I use my big creuset stew pot for this. The trick is to use a good quality red wine.
2 pounds stew meat
3 or 4 pieces of bacon cut into lardons
3 cloves garlic,minced
1 onion,chopped
1 bay leaf
3 cups red wine
2 tablespoons tomato paste
tablespoon dry thyme
2 cups baby carrots,chopped
2 cups red skinned potatoes,quartered
1/4 cup flour
2 cups crimini mushrooms,halved
1 cup pearl onions,peeled
salt and pepper
Preheat oven to 325 degrees.
Over medium high heat pour a small glug of olive oil in the pot
and brown your lardons,set aside.
Pat dry the stew meat and salt and pepper .
Brown the meat a few pieces at a time,set aside.
Toss in the onion and carrots,and saute over med heat for a couple minutes.
Add the garlic and saute for a minute more.
Add the meat and lardons and sprinkle the flour over it all and
coat the meat and vegetables.
Pour the wine in and scrape up all those wonderful brown bits.
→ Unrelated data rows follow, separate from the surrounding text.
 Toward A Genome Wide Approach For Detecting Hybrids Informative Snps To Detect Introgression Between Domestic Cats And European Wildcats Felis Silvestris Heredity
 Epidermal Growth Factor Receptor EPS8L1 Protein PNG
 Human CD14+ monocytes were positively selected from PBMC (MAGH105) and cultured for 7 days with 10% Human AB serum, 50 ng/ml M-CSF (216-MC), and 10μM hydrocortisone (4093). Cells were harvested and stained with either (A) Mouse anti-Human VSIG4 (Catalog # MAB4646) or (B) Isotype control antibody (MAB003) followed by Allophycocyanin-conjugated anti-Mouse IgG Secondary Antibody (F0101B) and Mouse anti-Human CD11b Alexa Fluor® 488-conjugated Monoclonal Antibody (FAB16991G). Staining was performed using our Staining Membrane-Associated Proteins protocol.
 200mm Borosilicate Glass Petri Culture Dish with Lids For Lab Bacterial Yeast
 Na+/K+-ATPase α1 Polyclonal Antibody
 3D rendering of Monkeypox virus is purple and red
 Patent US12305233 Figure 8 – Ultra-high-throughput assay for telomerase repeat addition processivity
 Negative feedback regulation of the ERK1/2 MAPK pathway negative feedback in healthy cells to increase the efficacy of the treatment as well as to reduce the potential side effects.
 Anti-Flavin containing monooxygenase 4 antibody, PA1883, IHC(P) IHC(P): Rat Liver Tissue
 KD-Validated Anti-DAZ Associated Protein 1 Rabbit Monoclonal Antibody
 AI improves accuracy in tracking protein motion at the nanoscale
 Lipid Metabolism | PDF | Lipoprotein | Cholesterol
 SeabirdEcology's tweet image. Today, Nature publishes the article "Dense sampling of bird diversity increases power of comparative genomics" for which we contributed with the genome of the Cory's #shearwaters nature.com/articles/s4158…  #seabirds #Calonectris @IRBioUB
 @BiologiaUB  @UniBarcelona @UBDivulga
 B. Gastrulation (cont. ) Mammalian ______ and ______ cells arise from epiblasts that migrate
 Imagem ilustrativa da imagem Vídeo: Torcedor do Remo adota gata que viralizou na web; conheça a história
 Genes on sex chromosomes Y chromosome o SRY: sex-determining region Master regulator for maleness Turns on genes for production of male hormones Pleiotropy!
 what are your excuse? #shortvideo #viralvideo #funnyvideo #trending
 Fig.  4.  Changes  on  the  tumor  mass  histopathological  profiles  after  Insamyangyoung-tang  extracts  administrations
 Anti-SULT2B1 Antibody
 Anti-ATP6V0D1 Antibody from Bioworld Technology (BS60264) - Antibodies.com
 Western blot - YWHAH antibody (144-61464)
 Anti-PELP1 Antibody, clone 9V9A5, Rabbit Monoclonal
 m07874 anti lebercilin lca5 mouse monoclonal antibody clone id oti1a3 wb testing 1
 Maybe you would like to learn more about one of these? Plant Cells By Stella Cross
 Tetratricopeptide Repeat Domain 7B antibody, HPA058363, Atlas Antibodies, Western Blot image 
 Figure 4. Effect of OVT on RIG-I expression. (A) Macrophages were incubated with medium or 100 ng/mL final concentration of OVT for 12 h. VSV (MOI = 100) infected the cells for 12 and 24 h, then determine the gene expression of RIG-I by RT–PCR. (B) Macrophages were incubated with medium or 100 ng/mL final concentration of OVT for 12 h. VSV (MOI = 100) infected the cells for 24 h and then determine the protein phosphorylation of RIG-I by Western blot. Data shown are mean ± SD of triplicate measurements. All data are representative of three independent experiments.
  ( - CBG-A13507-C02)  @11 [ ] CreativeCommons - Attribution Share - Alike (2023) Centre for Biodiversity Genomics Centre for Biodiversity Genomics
You can use a little beef stock too ,you want to just cover the meat,but I usually just add more wine . Burgundy is ideal but a
good Pinot Noir will do.
Add the bay leaf ,thyme and tomato paste( I buy this stuff from italy
in a tube),stir it all up and stick it in the oven for an hour,checking it every so often to make sure it isn't sticking or cooking too hot.
After an hour add the potatoes and simmer for another hour in the oven.
Now sautee the mushrooms and pearl onions in a little butter.
Toss in the pot and cook for another half hour.
Now I let the pot cool,and stick it in the fridge for a day or so,it's better 2 days later. I then heat the oven to 325 and cook it for another 45 minutes to an hour and serve it with good crusty italian or french bread.
This stew will get you laid!! Enjoy!